Mes amis, penseurs, vous, trois ou quatre, ici et par-delà la mer et encore plus loin, au-delà même des tranchées, vous qui rêvez avec moi ce songe extravagant, je vous fais des signes en gesticulant des mains et en clignant de l'œil (car la parole est interdite) : arrêtez de réfléchir ! Ce qui se passe ici ne supporte aucune réflexion, c'est peine perdue d'en tirer loi et moralité – la conclusion que vous pourriez tirer d'ici ne vous serait d'aucune utilité au-delà, dans le monde de la Réalité. Ne pensez pas et ne dites rien désormais, attendez avec patience. Cessez l'indigne combat des moulins à vent, cette lutte imbécile contre vous-même, pour les autres – pour ceux qui n'existent pas, dont je ne crois plus qu'ils sont des gens véritables : ce qui est mensonge, cela n'existe pas. Ne gaspillez pas votre sang, ne vous sacrifiez pas, ne devenez pas martyr pour rien, ce ne serait qu'une farce risible comme le réveil d'un rêveur qui a rêvé qu'il était mort. Cessez votre combat insensé contre l'hydre du mensonge ; ne voyez-vous pas que pendant que vous lui coupez en haletant une tête, deux autres poussent de l'autre côté ? Ne voyez-vous pas que vous débattez face à l'Hystérie dont le sanglot signifie jouissance et son rire signifie souffrance ? Elle simule écoute et attention, elle acquiesce avec sérieux et quand vous vous imaginez l'avoir persuadée de son erreur avec les mots du cœur et de la raison, tout à coup elle affiche un rictus et pose une question qui n'a rien à voir avec le sujet et qui prouve qu'elle s'accroche à son erreur parce que justement c'est une erreur. Que voulez-vous faire avec cette foule dont chacune des bouches crie séparément oui, mais en masse : non ?

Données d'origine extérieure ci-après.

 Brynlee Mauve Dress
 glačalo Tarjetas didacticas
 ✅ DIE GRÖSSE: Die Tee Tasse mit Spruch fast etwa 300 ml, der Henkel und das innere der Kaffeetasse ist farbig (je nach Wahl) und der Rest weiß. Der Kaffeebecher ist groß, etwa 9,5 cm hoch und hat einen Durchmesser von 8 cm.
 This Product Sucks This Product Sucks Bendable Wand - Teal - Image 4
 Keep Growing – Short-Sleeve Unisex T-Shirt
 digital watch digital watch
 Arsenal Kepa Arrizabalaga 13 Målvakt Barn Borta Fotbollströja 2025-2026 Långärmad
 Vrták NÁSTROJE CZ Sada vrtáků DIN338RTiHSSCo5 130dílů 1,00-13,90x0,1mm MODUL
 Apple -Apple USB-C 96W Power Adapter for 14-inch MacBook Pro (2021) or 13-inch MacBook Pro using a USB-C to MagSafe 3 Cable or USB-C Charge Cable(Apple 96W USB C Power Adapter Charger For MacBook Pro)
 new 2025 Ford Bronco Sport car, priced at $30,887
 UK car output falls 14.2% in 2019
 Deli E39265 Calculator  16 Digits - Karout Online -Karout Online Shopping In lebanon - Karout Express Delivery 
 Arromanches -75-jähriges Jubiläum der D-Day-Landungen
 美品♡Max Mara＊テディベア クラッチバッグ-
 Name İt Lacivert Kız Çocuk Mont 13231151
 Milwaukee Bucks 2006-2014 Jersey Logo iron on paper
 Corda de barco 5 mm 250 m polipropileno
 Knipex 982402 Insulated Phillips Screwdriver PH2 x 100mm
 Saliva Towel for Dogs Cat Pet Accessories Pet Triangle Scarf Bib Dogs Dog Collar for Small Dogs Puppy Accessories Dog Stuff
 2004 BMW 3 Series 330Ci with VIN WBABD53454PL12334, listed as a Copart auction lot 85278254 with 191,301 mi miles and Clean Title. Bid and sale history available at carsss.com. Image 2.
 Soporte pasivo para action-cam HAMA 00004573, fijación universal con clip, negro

Et vous tous qui au fond du cœur voulez la paix et la vie : ne la défendez plus. Oui, la Raison est là dorénavant parmi vous, ce n'est plus la peine de l'appeler à grands cris – elle est là parmi nous dans un corps d'ombre vacillante, invisible ; il convient plutôt de se taire pour ne pas la chasser. Prenez garde, ô rêveurs, la raison passe désormais parmi nous, se trouve-t-elle près de toi ou près de moi – restez en silence et ne bougez pas car un mot trop fort et elle s'évanouit. Laissez les orateurs qui tentent de l'évoquer en des termes volubiles empruntés au dictionnaire fou d'un rêve fou, ils poursuivent leur âpre débat sans remarquer que ce qui est blanc ici, est noir au-delà – ce qui est voix ici est silence au-delà, ce qui ici est chef-d'œuvre oratoire n'est au-delà que bégaiement d'un cerveau ramolli. Attendez et comptez les battements de votre cœur et croyez-y : quand, fatigués, haletants, se tairont un instant les discours et dépêches et positions et flots oratoires, alors elle apparaîtra et son visage rieur nous éclairera et nous nous réveillerons.